* **PROBLEM**:
Repeat exactly the lines of the material below that run from the "Vintage Camo Embroidered" line to the "iPhone 18 Pro" line, including both, and do not carry over any pictures.

=== Begin Enclosure ===

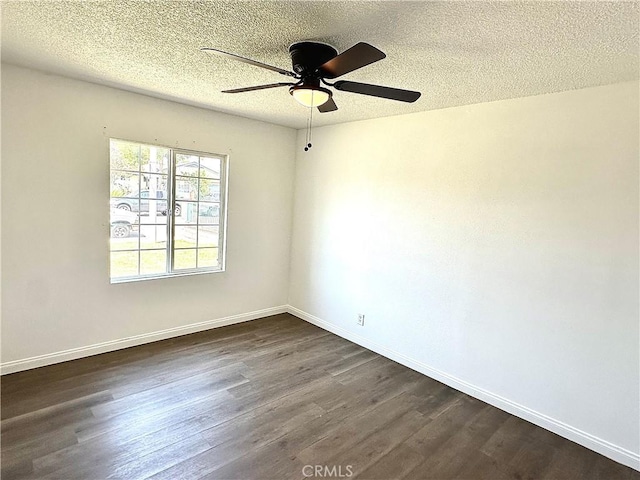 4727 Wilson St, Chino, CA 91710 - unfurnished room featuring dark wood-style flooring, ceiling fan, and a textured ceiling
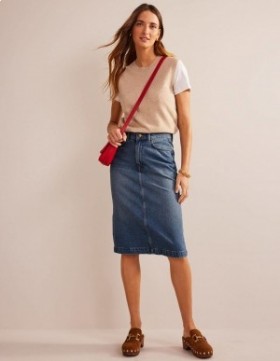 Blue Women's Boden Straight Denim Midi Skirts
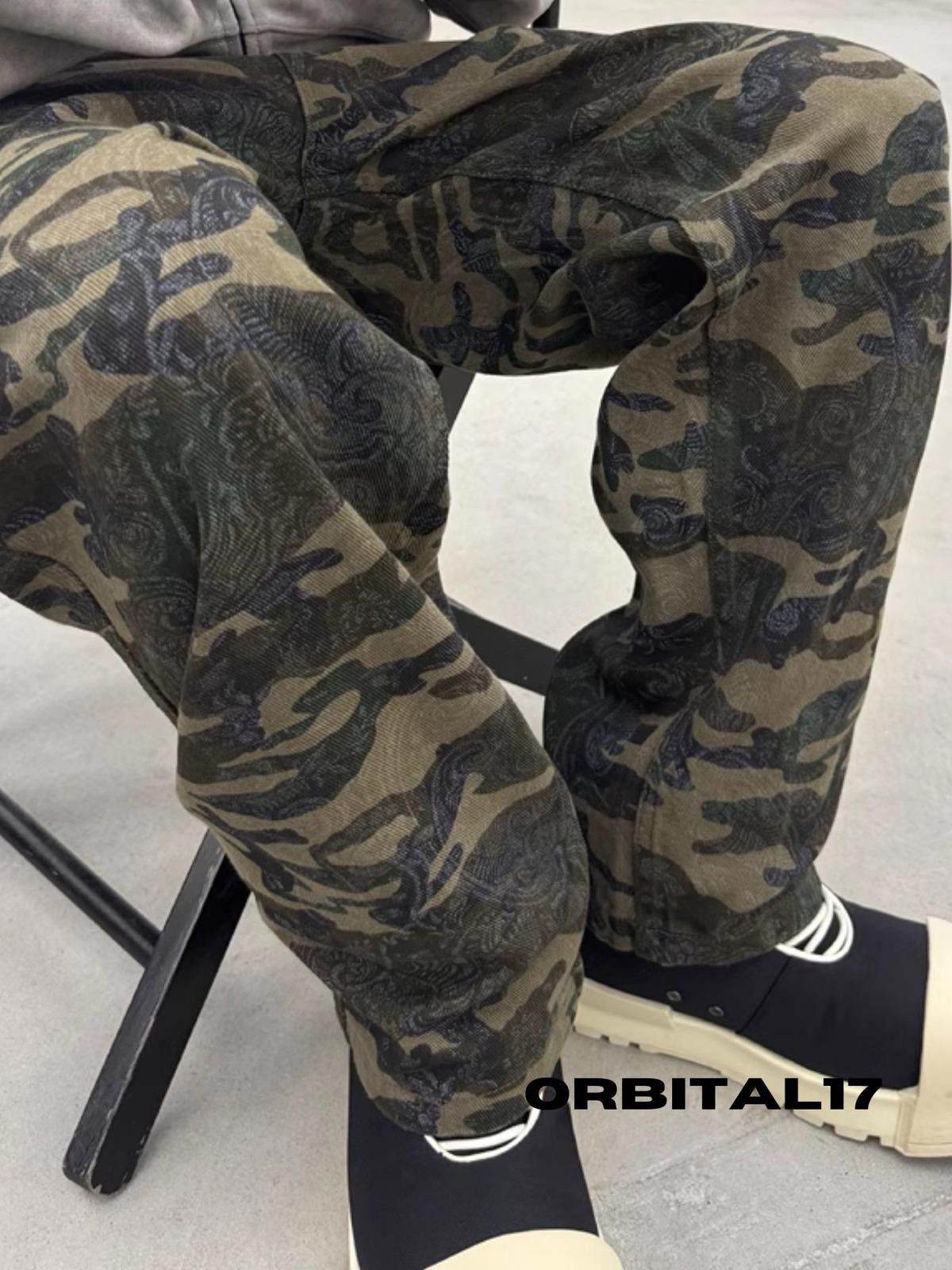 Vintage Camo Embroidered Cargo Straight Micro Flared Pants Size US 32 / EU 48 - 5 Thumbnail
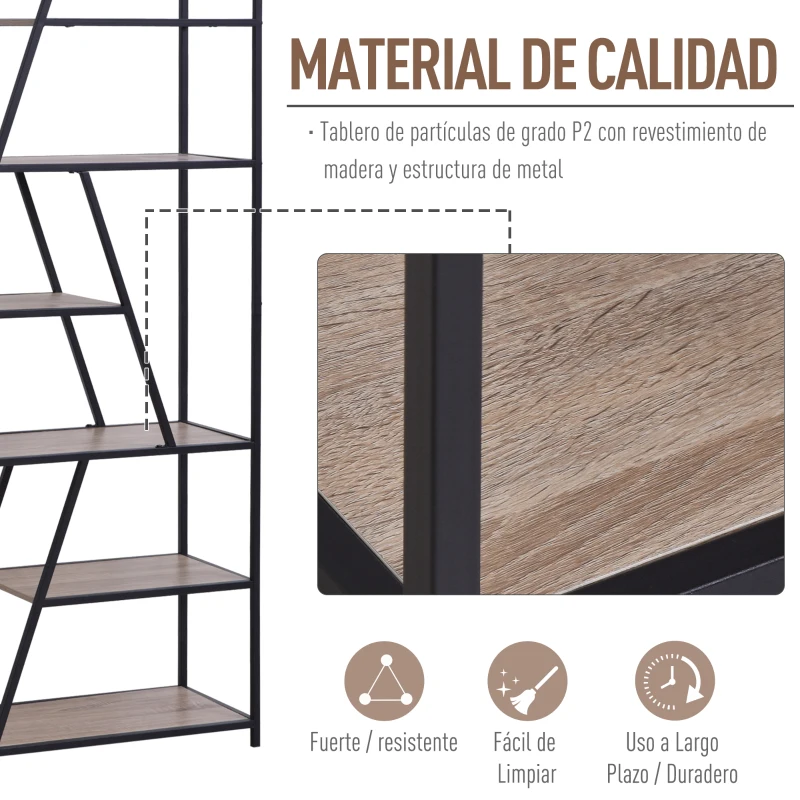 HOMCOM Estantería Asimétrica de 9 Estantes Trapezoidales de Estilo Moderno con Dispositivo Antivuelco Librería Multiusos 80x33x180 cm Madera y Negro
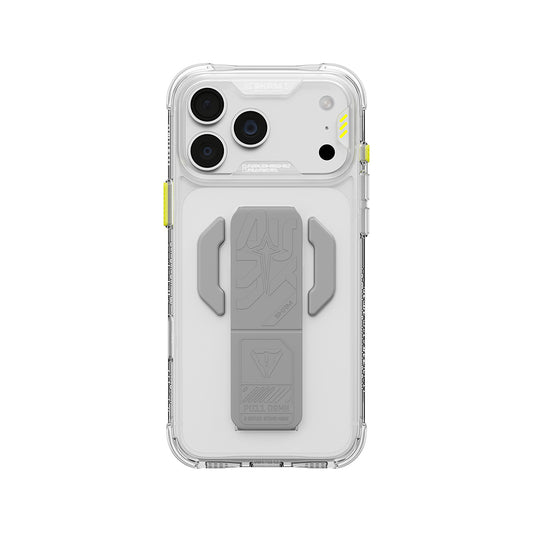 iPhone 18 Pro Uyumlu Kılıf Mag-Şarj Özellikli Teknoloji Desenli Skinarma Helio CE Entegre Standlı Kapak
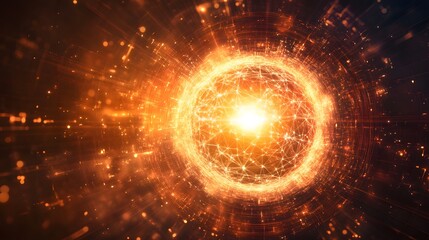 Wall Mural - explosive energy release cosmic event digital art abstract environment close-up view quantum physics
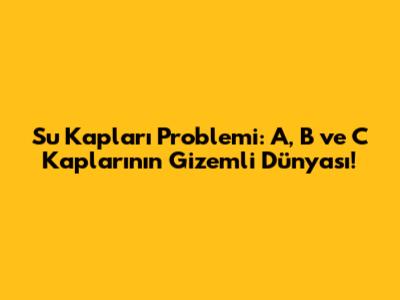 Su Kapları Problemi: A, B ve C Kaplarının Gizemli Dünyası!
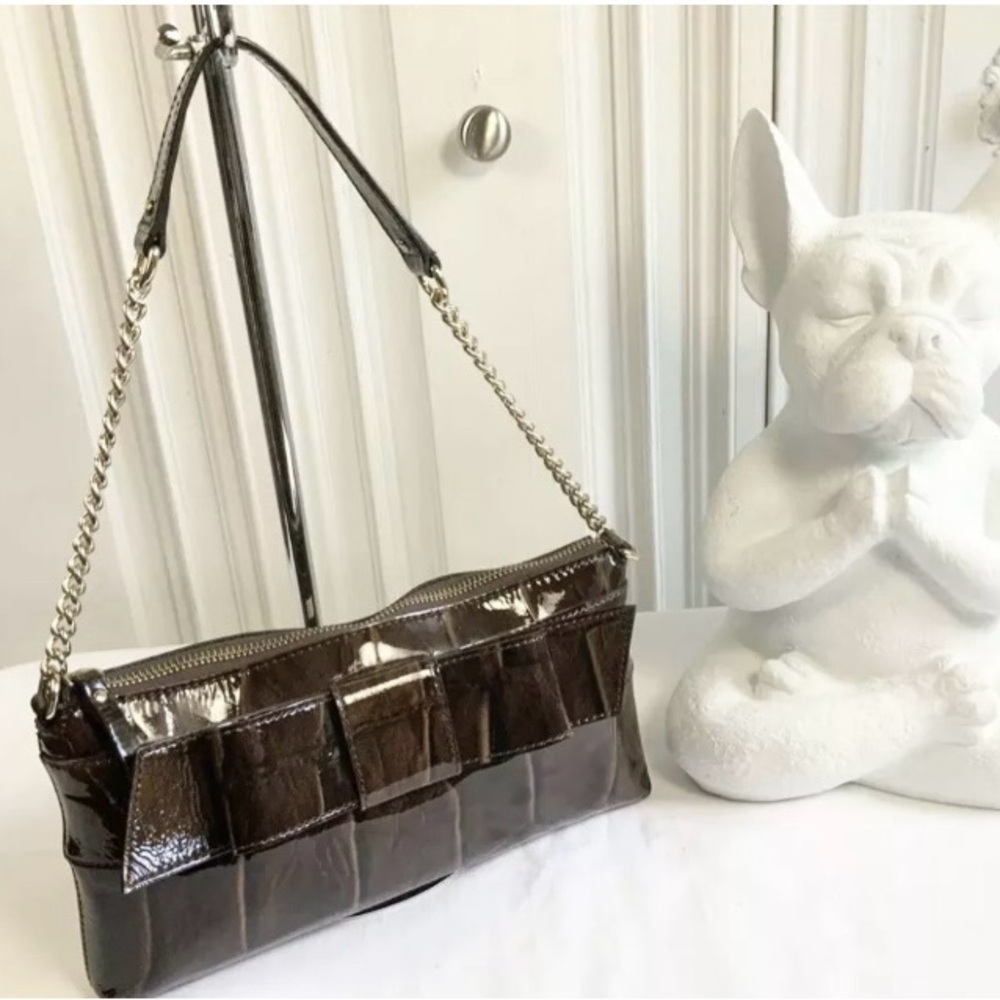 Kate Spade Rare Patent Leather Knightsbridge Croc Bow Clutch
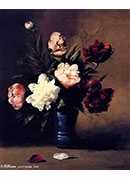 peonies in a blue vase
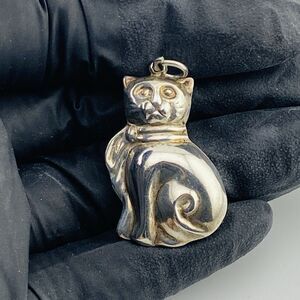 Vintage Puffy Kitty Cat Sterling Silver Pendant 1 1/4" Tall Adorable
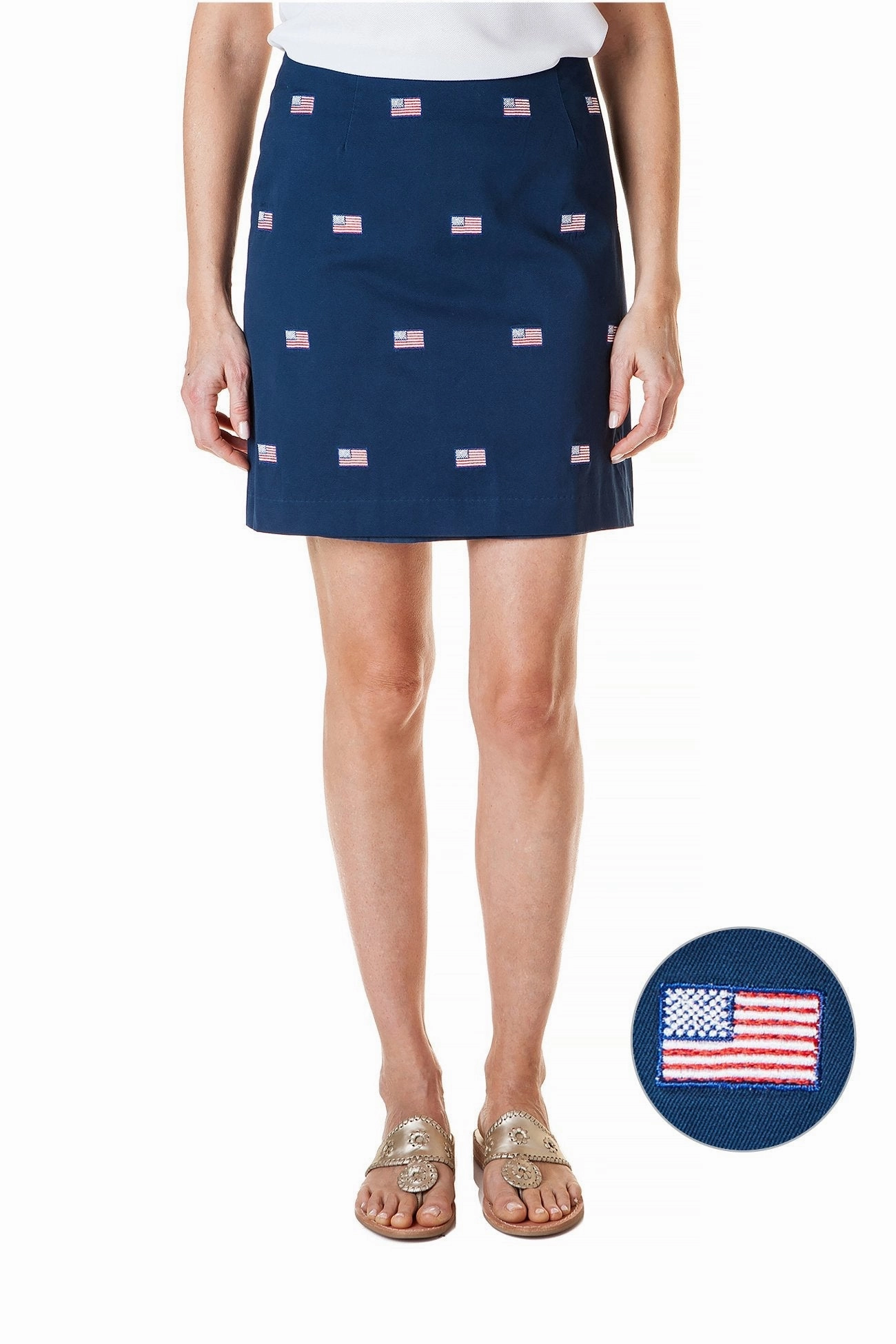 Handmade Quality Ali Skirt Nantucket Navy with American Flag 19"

=== End Enclosure ===

* **SOLVED PROBLEM**:
 Vintage Camo Embroidered Cargo Straight Micro Flared Pants Size US 32 / EU 48 - 5 Thumbnail
 HOMCOM Estantería Asimétrica de 9 Estantes Trapezoidales de Estilo Moderno con Dispositivo Antivuelco Librería Multiusos 80x33x180 cm Madera y Negro
 iPhone 18 Pro Uyumlu Kılıf Mag-Şarj Özellikli Teknoloji Desenli Skinarma Helio CE Entegre Standlı Kapak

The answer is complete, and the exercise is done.